A: No. Pension sweeteners accounted for only 9 percent of the huge growth in the retirement systems’ shortfall from 1996 to 2011, according to a report by the Legislature’s Commission on Government Forecasting and Accountability. Insufficient employer contributions — that is, state government not paying its required share — caused 44 percent of the growth. Poor investment returns are another big factor.
Q: Would the amendment have any effect outside the state Capitol?
A: Yes. In addition to raising the vote requirement in the Legislature, it raises the requirement for city councils, school boards and other public bodies to pass anything that would increase pension costs, aside from higher wages.
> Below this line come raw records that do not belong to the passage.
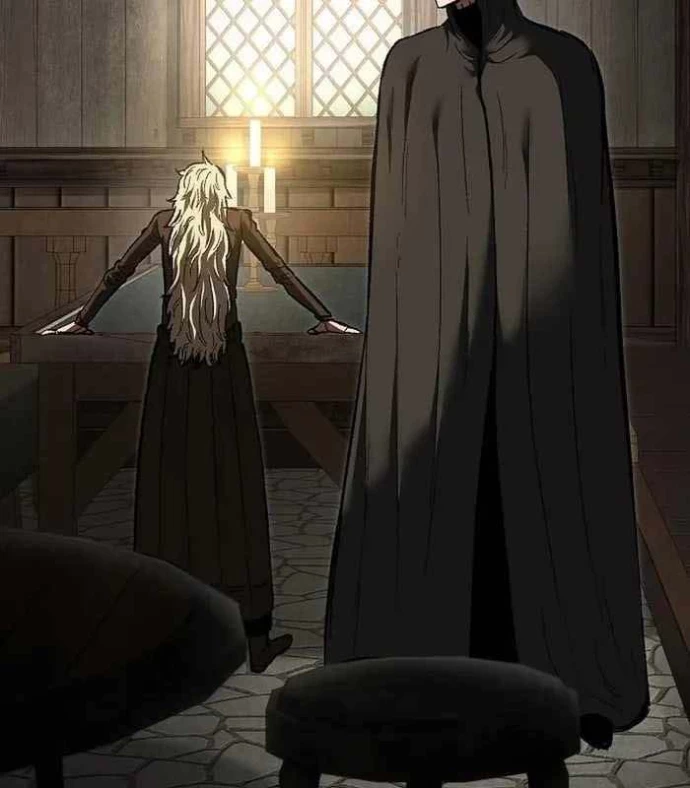 Huyết Ấn Tu La Chapter 7 - 115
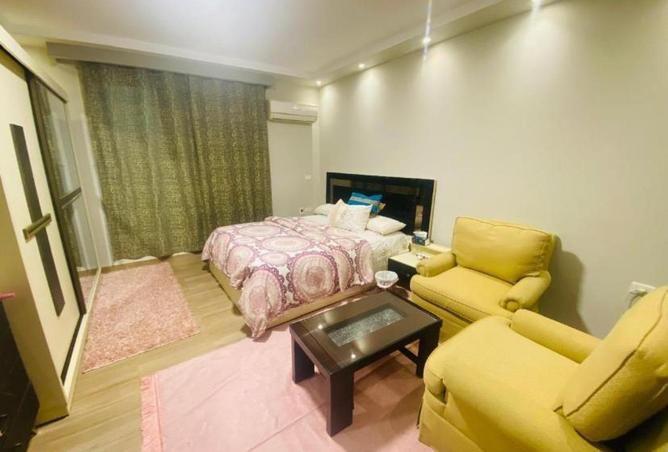 90172079 - صورة العقار 3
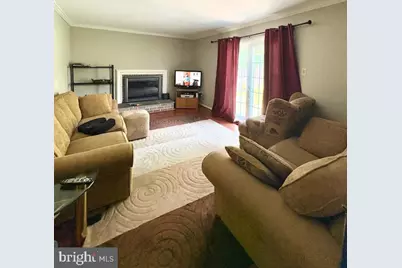 5218 Kenstan Drive, Temple Hills, MD 20748 - Photo 12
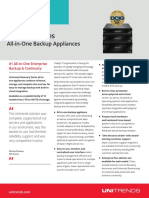 Recovery-Series-Backup-Appliances-DataSheet.pdf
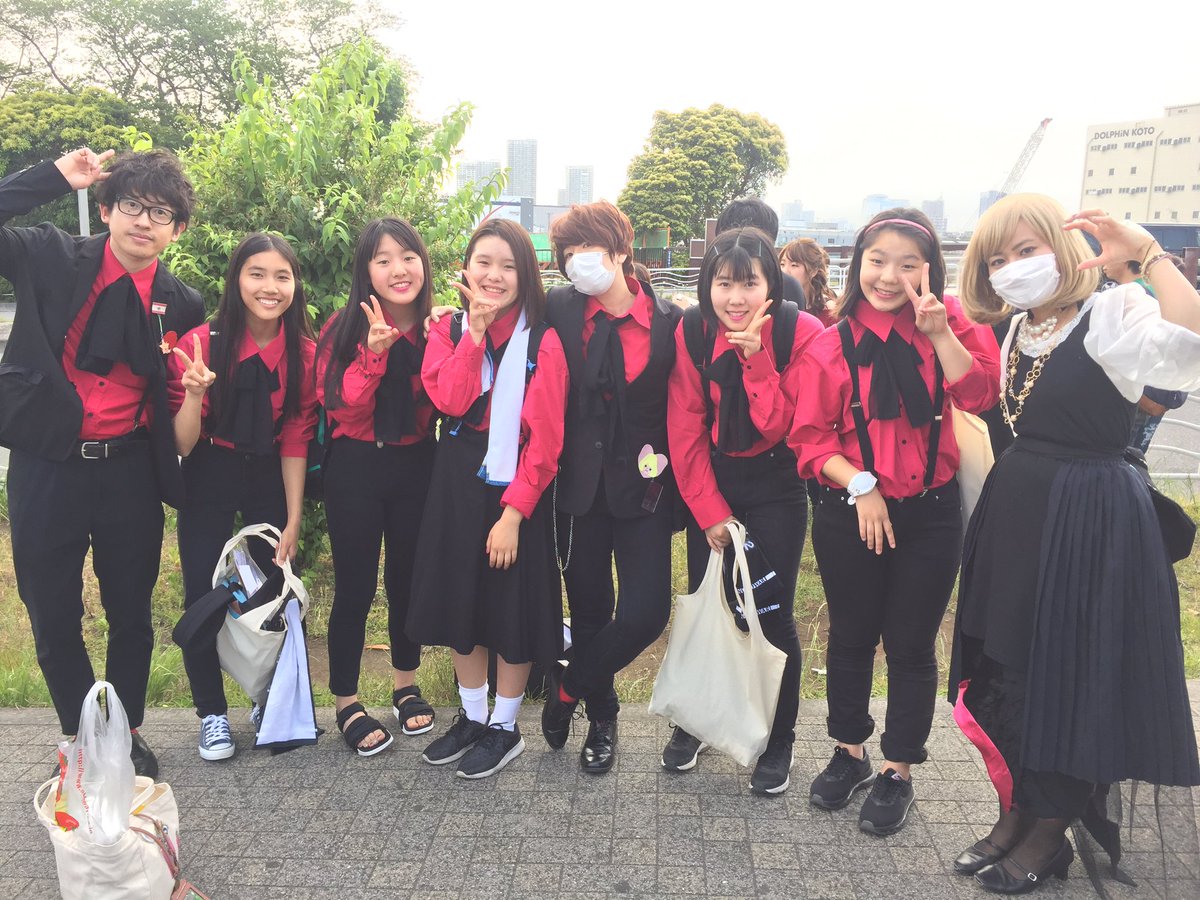 かな Kana419earth Twitter かな Kana419earth Twitter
For example, if a school board decided to offer teachers a financial incentive tied to performance, that would increase the size of the pension checks those teachers get when they retire. So the incentive plan would need a three-fifths vote to be approved. Critics say this invites a storm of lawsuits over exactly which changes would be covered by the amendment and which wouldn’t.
Q: What kind of problems do the retirement systems face?
A: Basically, they have the money on hand to pay out billions of dollars in pension checks over the next few decades. There’s no danger that pension checks will stop going out anytime soon, but at some point the retirement systems will need that money.
The money available now covers only 43 percent of what is owed in the long run, the worst funding level in the country. Making up that shortfall costs the state billions of dollars each year, which leaves precious little money to cover rising costs in other programs.
Q: What will it take for the amendment to pass?
A: There are two ways an amendment can get enough votes to be added to the state constitution. It can get “yes” votes from at least three-fifths of the people voting on the amendment itself or it can be approved by a majority of everyone voting in the election overall.